2)最後の晩餐の言葉ーパウロ型とマルコ型

 最後の晩餐でのイエスの言葉は聖書の様々な箇所で伝えられているが、基本的にはパウロの伝え方とマルコの伝え方の二つの類型があるという。
 パウロ型とは、イエスの言葉は「主から受けた」ことを強調し、言葉の伝承性が強調されているという。
Ⅰコリント11・23 「私があなた方に伝えたことは、私自身、主から受けたものです」。
「受けた」という表現が強調されているという。
 また、「記念として」これを行いなさいという命令が強調されているという。
Ⅰコリント11・24 「私の記念としてこのように行いなさい」。

 他方、マルコ型は少し異なる。マルコ14:24ー25をみてみよう。

「そしてイエスは言われた。「これは多くの人のために流される、私の契約の血である。よく言っておく。

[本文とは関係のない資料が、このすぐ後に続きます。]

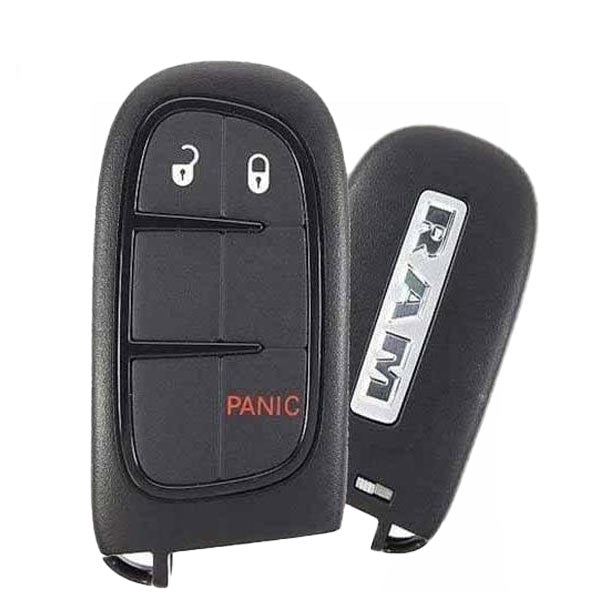 2013-2018 Dodge Ram / 3-Button Smart Key / PN: 56046954AG / GQ4-54T (OEM Refurb) - UHS Hardware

神の国で新たに飲むその日まで、ぶどうの実から作ったものを飲むことはもう決してあるまい」(新新共同訳)。

 ここで、「多くの人」とは「すべての人」という意味だという。これはセム語的な表現で、全員という意味らしいが、なにか紛らわしい言葉使いではある。また、ここでマルコが描く主の晩餐には「典礼」的要素が見当たらないという。この言葉使いは、典礼がテキストとして作られてくる以前の伝承そのものと考えられるという。つまり共同の祈りが典礼として儀式化される以前に各地で使われていた文書の姿をとどめているらしい。
 つまり、マルコ型の最後の晩餐の方がより古い姿を伝えているようだ。

3)最後の晩餐の言葉の原型の復元

 それでは、最後の晩餐でのイエスの言葉の原型はどんなものだったのか。
パウロ型とは、Ⅰコリント11:23-26、マルコ型とは、マルコ14:22-25だ。この二つを横に並べて対比させてみよう。違いがクリアーに浮かび上がってくる。本当は載せたいところだが、長くなるのでお手数ですがご自分の聖書で読み比べてみてほしい。
 三点の特徴が指摘されているようだ。

 まず第一の特徴は、制定句が、「対象型」(マルコ)か「非対象型」(パウロ)の違いだという。パウロの文言は非対称型で、「これは、あなたがたのための私の体である」「この杯は、私の血による新しい契約である」。文言に対称性はない。
 他方、マルコでは、「これは私の体である」「これは私の血である」。見事な対照的表現になっている。
 こういう文言の対称性の強調は歴史的には後から作られたのであろうから、パウロ型の方が原形をとどめている言えるらしい。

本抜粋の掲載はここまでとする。